> [Supplied records]
BEGIN

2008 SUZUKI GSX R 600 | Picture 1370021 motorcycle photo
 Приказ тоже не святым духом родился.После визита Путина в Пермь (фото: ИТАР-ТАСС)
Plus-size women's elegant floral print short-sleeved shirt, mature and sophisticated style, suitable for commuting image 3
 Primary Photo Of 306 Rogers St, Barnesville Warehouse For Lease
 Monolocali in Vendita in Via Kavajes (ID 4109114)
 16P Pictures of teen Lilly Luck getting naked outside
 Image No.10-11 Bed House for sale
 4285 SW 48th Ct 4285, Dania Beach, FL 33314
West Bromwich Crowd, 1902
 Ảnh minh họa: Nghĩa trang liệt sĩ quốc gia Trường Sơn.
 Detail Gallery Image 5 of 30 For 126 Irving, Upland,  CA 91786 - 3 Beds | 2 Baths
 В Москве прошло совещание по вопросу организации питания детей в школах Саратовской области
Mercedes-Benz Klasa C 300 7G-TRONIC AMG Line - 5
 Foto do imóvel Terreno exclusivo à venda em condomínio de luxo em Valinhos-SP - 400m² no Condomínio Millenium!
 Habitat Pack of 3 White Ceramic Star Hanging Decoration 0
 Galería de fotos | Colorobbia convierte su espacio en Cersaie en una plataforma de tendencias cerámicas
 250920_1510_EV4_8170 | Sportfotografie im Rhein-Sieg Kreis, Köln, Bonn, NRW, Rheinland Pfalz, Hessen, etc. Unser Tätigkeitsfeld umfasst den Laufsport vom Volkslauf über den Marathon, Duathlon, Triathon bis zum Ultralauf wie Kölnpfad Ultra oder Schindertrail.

END

> [Your task] Write all the entries out again exactly as they are.

> [Result of the task]
2008 SUZUKI GSX R 600 | Picture 1370021 motorcycle photo
 Приказ тоже не святым духом родился.После визита Путина в Пермь (фото: ИТАР-ТАСС)
Plus-size women's elegant floral print short-sleeved shirt, mature and sophisticated style, suitable for commuting image 3
 Primary Photo Of 306 Rogers St, Barnesville Warehouse For Lease
 Monolocali in Vendita in Via Kavajes (ID 4109114)
 16P Pictures of teen Lilly Luck getting naked outside
 Image No.10-11 Bed House for sale
 4285 SW 48th Ct 4285, Dania Beach, FL 33314
West Bromwich Crowd, 1902
 Ảnh minh họa: Nghĩa trang liệt sĩ quốc gia Trường Sơn.
 Detail Gallery Image 5 of 30 For 126 Irving, Upland,  CA 91786 - 3 Beds | 2 Baths
 В Москве прошло совещание по вопросу организации питания детей в школах Саратовской области
Mercedes-Benz Klasa C 300 7G-TRONIC AMG Line - 5
 Foto do imóvel Terreno exclusivo à venda em condomínio de luxo em Valinhos-SP - 400m² no Condomínio Millenium!
 Habitat Pack of 3 White Ceramic Star Hanging Decoration 0
 Galería de fotos | Colorobbia convierte su espacio en Cersaie en una plataforma de tendencias cerámicas
 250920_1510_EV4_8170 | Sportfotografie im Rhein-Sieg Kreis, Köln, Bonn, NRW, Rheinland Pfalz, Hessen, etc. Unser Tätigkeitsfeld umfasst den Laufsport vom Volkslauf über den Marathon, Duathlon, Triathon bis zum Ultralauf wie Kölnpfad Ultra oder Schindertrail.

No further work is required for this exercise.